##### ENTRIES SUPPLIED #####

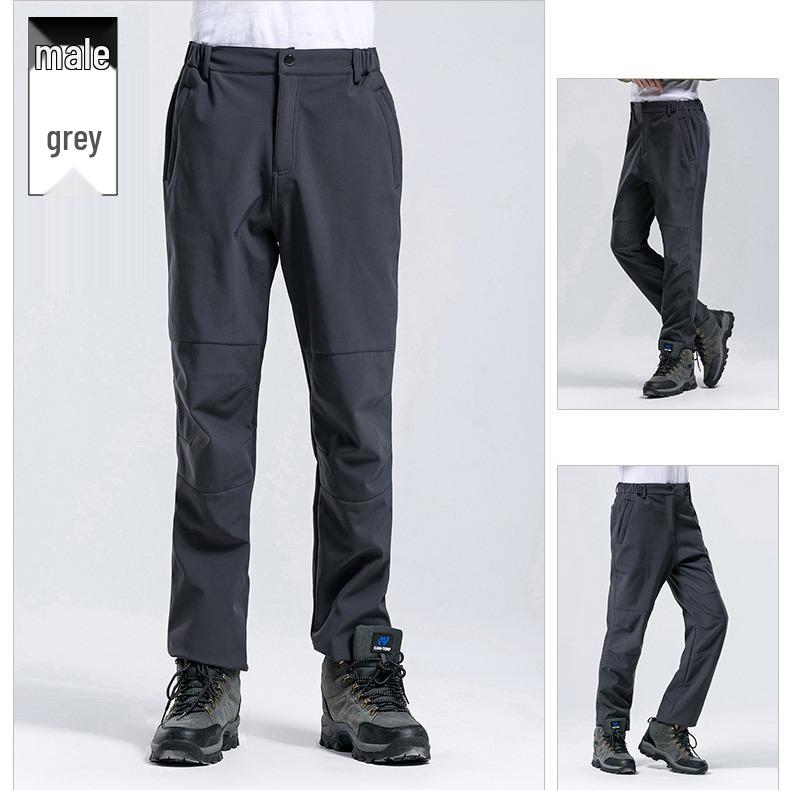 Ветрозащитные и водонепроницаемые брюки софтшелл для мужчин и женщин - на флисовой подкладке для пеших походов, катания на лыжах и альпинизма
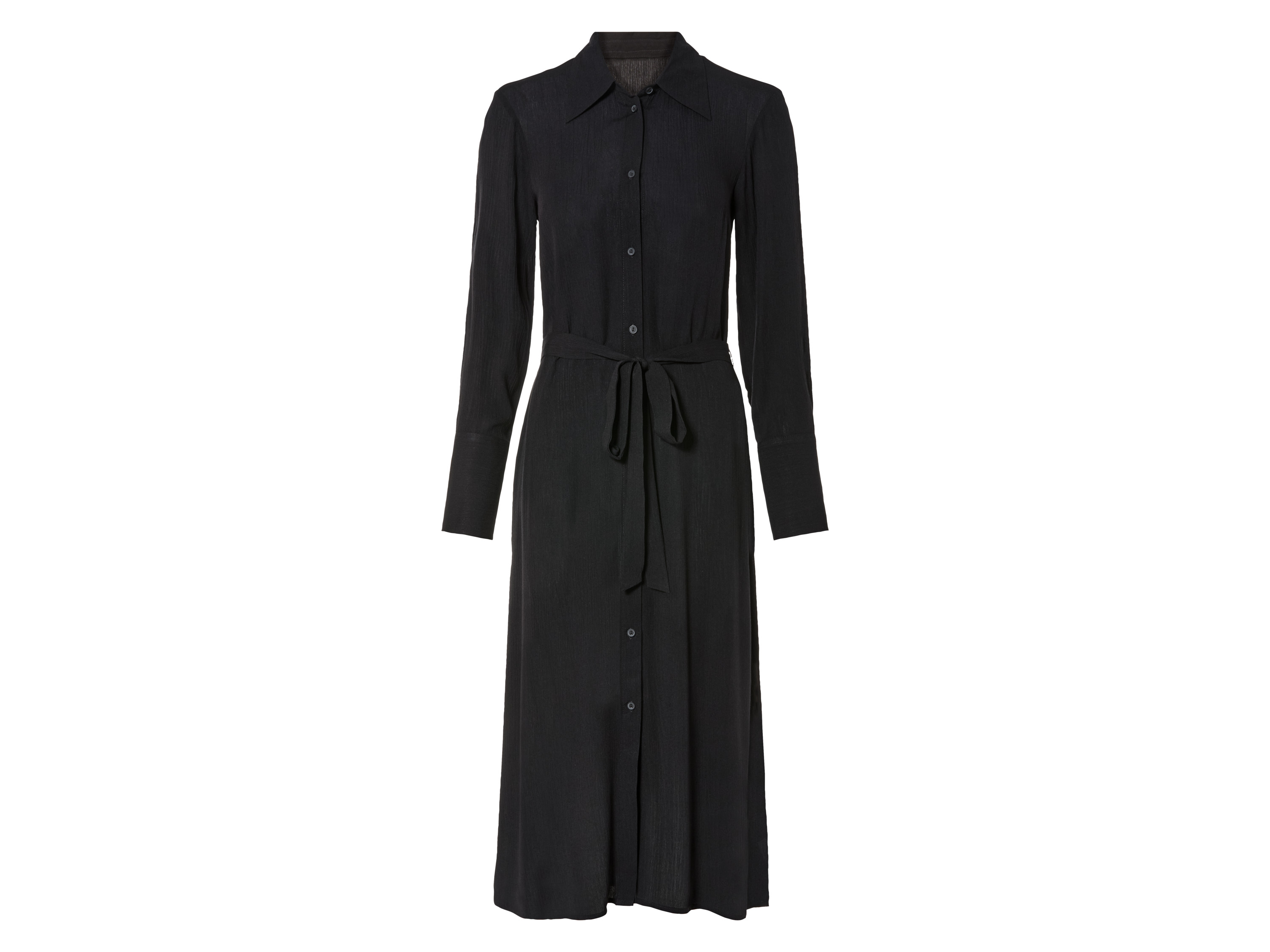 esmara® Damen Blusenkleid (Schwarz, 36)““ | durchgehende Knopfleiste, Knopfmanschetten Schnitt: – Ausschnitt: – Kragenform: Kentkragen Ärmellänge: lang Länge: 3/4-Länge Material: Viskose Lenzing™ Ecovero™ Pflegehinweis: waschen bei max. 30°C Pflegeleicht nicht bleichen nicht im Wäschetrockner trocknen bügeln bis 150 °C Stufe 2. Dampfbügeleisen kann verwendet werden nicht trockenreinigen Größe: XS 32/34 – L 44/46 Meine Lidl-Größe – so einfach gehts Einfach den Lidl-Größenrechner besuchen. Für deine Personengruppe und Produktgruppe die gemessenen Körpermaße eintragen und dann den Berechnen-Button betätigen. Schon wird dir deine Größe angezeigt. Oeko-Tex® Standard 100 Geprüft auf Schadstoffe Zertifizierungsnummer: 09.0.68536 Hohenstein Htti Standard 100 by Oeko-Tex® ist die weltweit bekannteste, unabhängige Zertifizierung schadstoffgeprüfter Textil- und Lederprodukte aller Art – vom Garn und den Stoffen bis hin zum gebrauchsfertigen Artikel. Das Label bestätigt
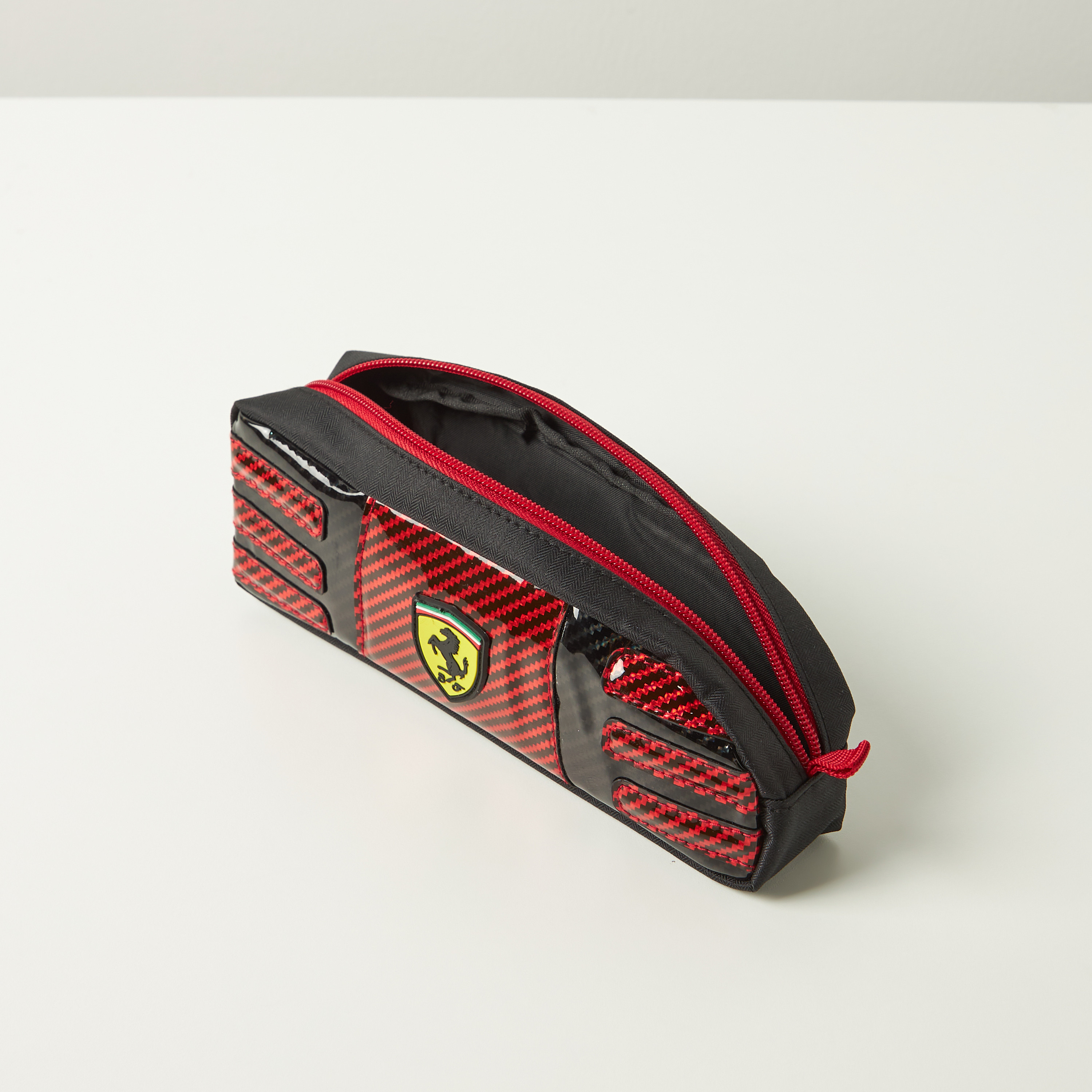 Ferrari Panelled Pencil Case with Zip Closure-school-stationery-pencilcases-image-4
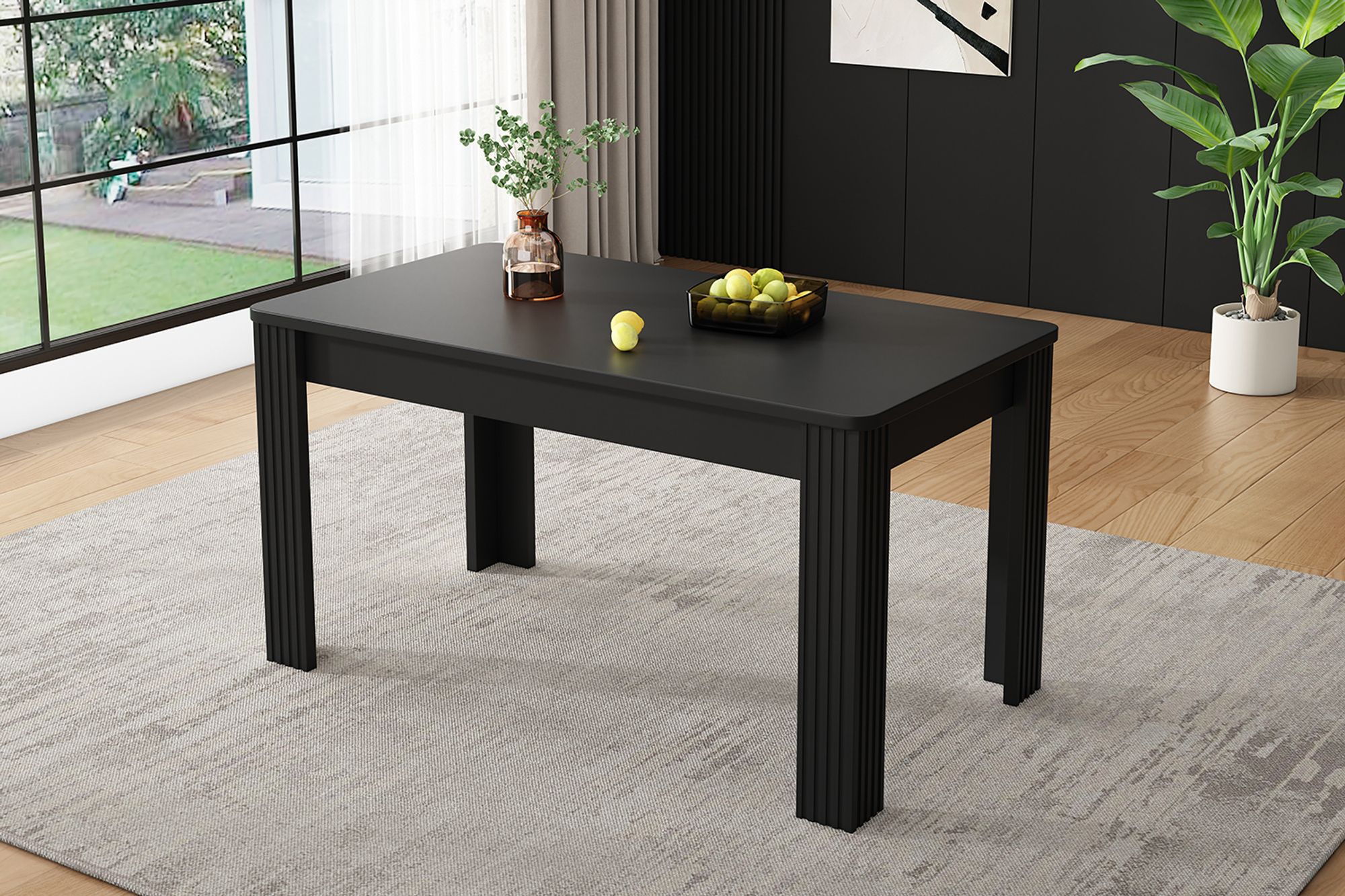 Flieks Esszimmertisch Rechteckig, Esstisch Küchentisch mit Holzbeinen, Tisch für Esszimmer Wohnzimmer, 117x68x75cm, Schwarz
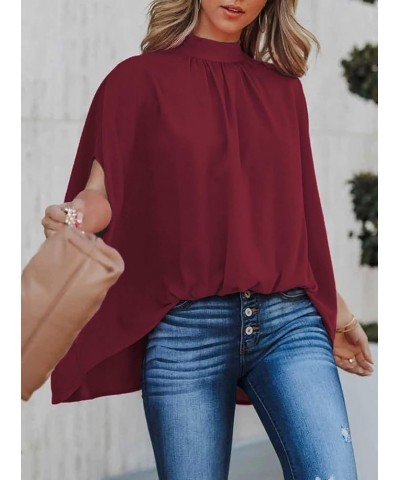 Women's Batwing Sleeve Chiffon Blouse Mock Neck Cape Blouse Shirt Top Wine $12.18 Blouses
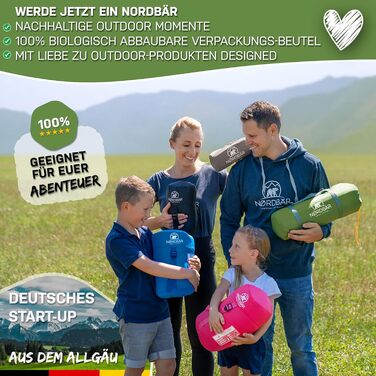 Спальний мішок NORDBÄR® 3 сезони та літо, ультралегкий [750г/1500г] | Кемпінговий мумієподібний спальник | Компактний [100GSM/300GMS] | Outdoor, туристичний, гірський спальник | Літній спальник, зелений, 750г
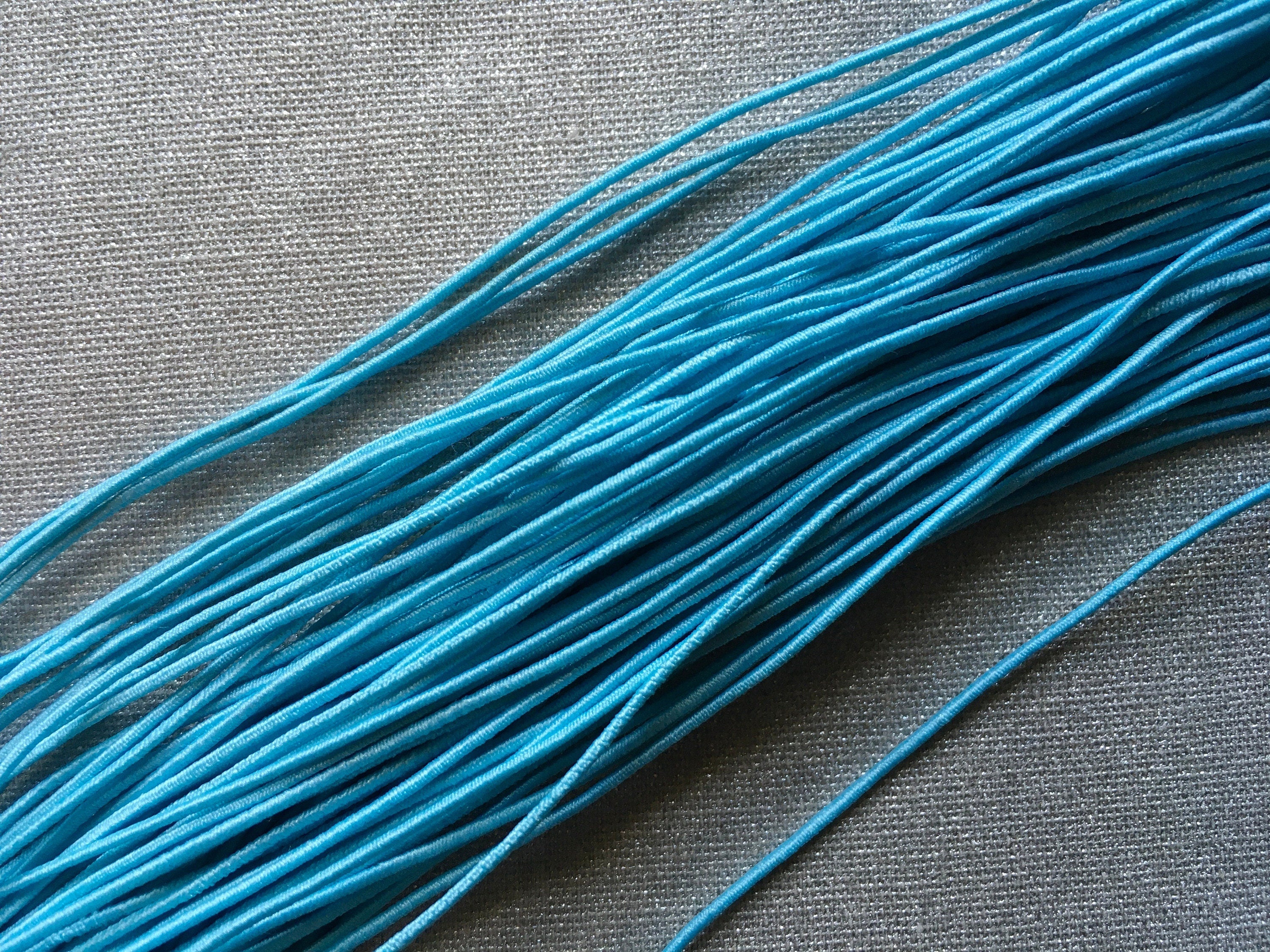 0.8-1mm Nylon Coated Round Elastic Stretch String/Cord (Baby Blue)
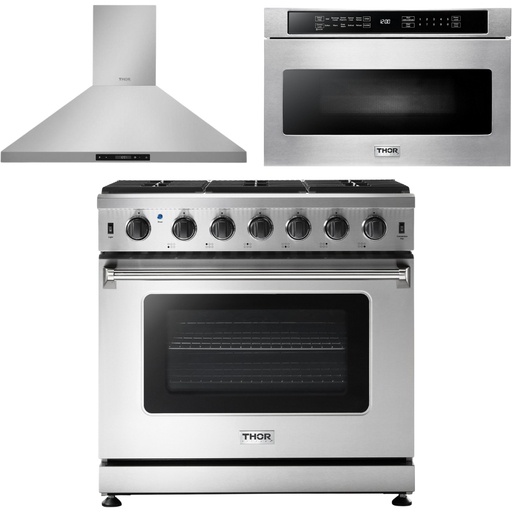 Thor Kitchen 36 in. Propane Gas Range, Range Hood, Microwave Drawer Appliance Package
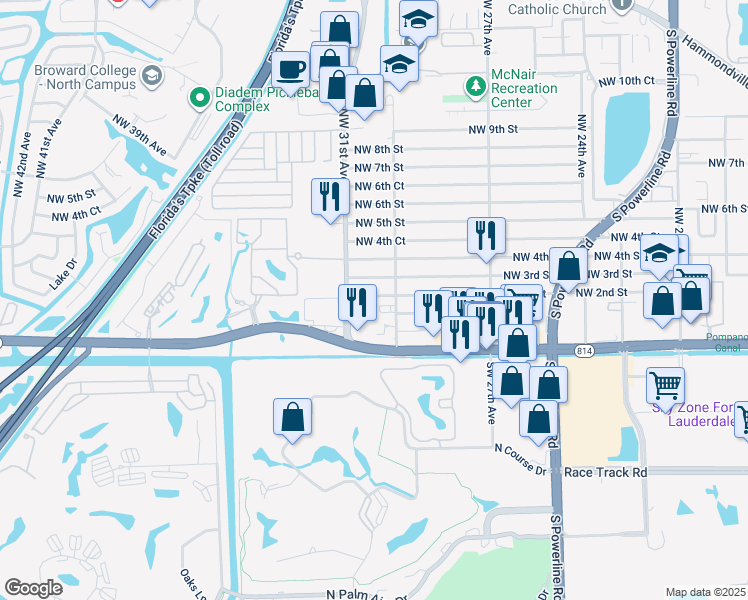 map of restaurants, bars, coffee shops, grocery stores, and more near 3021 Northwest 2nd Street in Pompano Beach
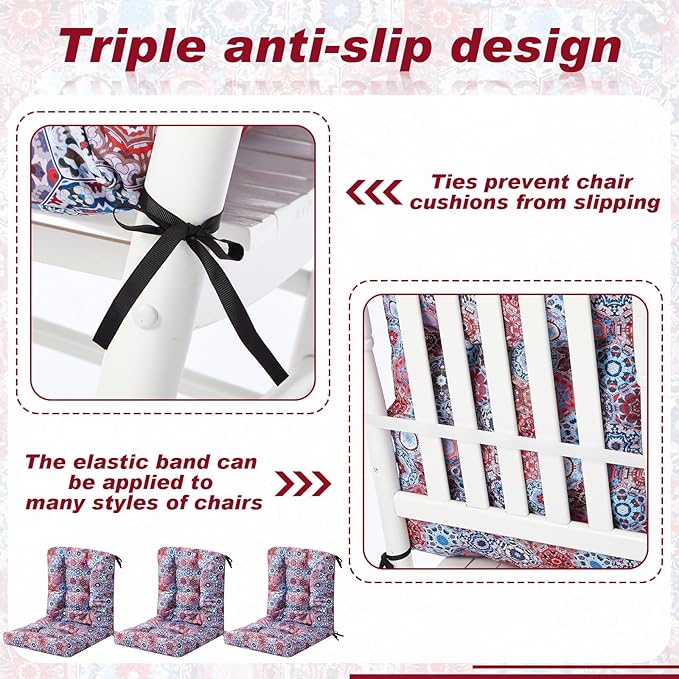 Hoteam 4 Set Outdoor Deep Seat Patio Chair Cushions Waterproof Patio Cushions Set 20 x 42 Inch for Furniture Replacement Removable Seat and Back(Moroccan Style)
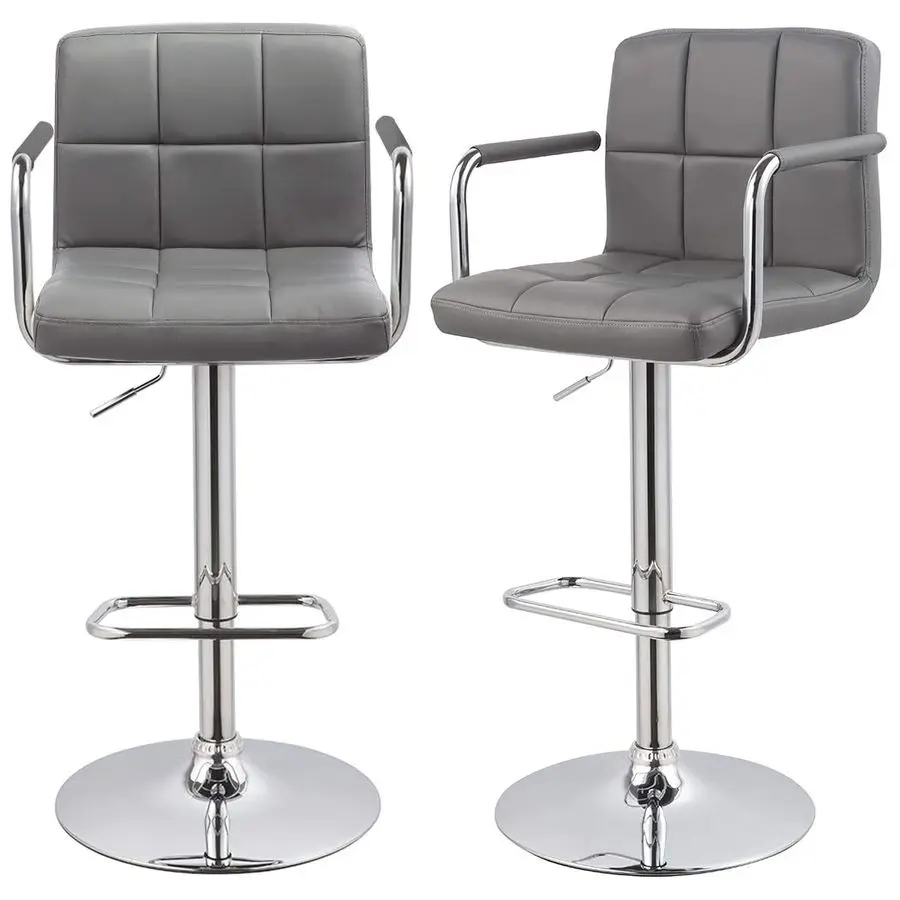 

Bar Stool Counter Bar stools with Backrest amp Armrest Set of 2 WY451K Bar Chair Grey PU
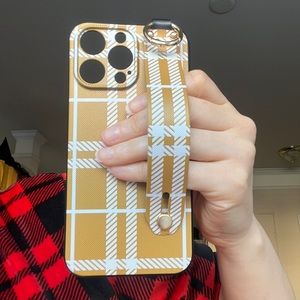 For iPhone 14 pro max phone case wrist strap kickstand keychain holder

#####

YOUR ASSIGNMENT = Using the data above, set down each line from the line with "0.8-1mm Nylon Coated" to the line with "map of restaurants, bars, coffee" exactly, both ends included, and leave the pictures behind. Nothing else belongs.

RESPONSE AREA =
 0.8-1mm Nylon Coated Round Elastic Stretch String/Cord (Baby Blue)
 Thor Kitchen 36 in. Propane Gas Range, Range Hood, Microwave Drawer Appliance Package
 map of restaurants, bars, coffee shops, grocery stores, and more near 3021 Northwest 2nd Street in Pompano Beach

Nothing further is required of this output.